** WHAT IS NEEDED **
Write every record out again exactly as given.

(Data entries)

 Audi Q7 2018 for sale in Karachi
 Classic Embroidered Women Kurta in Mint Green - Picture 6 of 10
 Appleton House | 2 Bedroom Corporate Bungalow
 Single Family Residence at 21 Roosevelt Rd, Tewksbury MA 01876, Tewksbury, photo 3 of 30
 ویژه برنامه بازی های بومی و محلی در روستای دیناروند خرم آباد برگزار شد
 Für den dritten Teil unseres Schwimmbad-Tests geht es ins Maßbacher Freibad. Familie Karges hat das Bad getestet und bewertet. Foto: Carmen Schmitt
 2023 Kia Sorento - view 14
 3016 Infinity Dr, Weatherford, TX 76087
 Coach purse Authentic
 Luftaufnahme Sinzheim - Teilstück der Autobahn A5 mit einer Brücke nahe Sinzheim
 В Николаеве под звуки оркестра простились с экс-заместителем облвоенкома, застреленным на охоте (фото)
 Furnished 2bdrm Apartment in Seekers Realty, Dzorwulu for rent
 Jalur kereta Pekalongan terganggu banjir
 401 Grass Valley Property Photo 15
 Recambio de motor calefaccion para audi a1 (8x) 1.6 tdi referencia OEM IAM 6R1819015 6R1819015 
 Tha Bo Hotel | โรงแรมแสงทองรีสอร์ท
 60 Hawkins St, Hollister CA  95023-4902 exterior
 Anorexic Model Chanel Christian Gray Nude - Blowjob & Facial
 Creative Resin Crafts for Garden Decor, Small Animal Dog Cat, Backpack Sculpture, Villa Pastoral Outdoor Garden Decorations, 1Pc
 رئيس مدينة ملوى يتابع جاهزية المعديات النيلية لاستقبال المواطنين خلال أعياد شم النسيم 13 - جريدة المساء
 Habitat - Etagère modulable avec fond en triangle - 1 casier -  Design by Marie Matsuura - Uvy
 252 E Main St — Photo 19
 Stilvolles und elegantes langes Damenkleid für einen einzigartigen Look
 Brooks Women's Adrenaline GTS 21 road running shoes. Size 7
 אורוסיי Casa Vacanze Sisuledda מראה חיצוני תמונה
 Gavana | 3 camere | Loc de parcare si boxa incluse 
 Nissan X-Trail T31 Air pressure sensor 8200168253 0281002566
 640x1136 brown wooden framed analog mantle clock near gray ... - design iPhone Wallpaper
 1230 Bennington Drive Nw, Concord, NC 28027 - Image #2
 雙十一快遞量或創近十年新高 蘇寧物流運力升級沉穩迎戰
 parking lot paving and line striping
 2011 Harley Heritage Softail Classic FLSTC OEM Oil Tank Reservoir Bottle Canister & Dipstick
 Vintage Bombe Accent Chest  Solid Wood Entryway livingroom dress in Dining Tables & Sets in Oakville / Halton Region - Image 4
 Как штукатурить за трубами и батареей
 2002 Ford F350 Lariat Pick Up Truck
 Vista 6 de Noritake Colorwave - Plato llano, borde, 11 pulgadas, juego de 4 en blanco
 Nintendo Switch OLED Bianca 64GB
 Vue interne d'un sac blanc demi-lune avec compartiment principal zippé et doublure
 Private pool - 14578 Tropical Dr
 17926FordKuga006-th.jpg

** ANSWER TO THIS PROBLEM **
 Audi Q7 2018 for sale in Karachi
 Classic Embroidered Women Kurta in Mint Green - Picture 6 of 10
 Appleton House | 2 Bedroom Corporate Bungalow
 Single Family Residence at 21 Roosevelt Rd, Tewksbury MA 01876, Tewksbury, photo 3 of 30
 ویژه برنامه بازی های بومی و محلی در روستای دیناروند خرم آباد برگزار شد
 Für den dritten Teil unseres Schwimmbad-Tests geht es ins Maßbacher Freibad. Familie Karges hat das Bad getestet und bewertet. Foto: Carmen Schmitt
 2023 Kia Sorento - view 14
 3016 Infinity Dr, Weatherford, TX 76087
 Coach purse Authentic
 Luftaufnahme Sinzheim - Teilstück der Autobahn A5 mit einer Brücke nahe Sinzheim
 В Николаеве под звуки оркестра простились с экс-заместителем облвоенкома, застреленным на охоте (фото)
 Furnished 2bdrm Apartment in Seekers Realty, Dzorwulu for rent
 Jalur kereta Pekalongan terganggu banjir
 401 Grass Valley Property Photo 15
 Recambio de motor calefaccion para audi a1 (8x) 1.6 tdi referencia OEM IAM 6R1819015 6R1819015 
 Tha Bo Hotel | โรงแรมแสงทองรีสอร์ท
 60 Hawkins St, Hollister CA  95023-4902 exterior
 Anorexic Model Chanel Christian Gray Nude - Blowjob & Facial
 Creative Resin Crafts for Garden Decor, Small Animal Dog Cat, Backpack Sculpture, Villa Pastoral Outdoor Garden Decorations, 1Pc
 رئيس مدينة ملوى يتابع جاهزية المعديات النيلية لاستقبال المواطنين خلال أعياد شم النسيم 13 - جريدة المساء
 Habitat - Etagère modulable avec fond en triangle - 1 casier -  Design by Marie Matsuura - Uvy
 252 E Main St — Photo 19
 Stilvolles und elegantes langes Damenkleid für einen einzigartigen Look
 Brooks Women's Adrenaline GTS 21 road running shoes. Size 7
 אורוסיי Casa Vacanze Sisuledda מראה חיצוני תמונה
 Gavana | 3 camere | Loc de parcare si boxa incluse 
 Nissan X-Trail T31 Air pressure sensor 8200168253 0281002566
 640x1136 brown wooden framed analog mantle clock near gray ... - design iPhone Wallpaper
 1230 Bennington Drive Nw, Concord, NC 28027 - Image #2
 雙十一快遞量或創近十年新高 蘇寧物流運力升級沉穩迎戰
 parking lot paving and line striping
 2011 Harley Heritage Softail Classic FLSTC OEM Oil Tank Reservoir Bottle Canister & Dipstick
 Vintage Bombe Accent Chest  Solid Wood Entryway livingroom dress in Dining Tables & Sets in Oakville / Halton Region - Image 4
 Как штукатурить за трубами и батареей
 2002 Ford F350 Lariat Pick Up Truck
 Vista 6 de Noritake Colorwave - Plato llano, borde, 11 pulgadas, juego de 4 en blanco
 Nintendo Switch OLED Bianca 64GB
 Vue interne d'un sac blanc demi-lune avec compartiment principal zippé et doublure
 Private pool - 14578 Tropical Dr
 17926FordKuga006-th.jpg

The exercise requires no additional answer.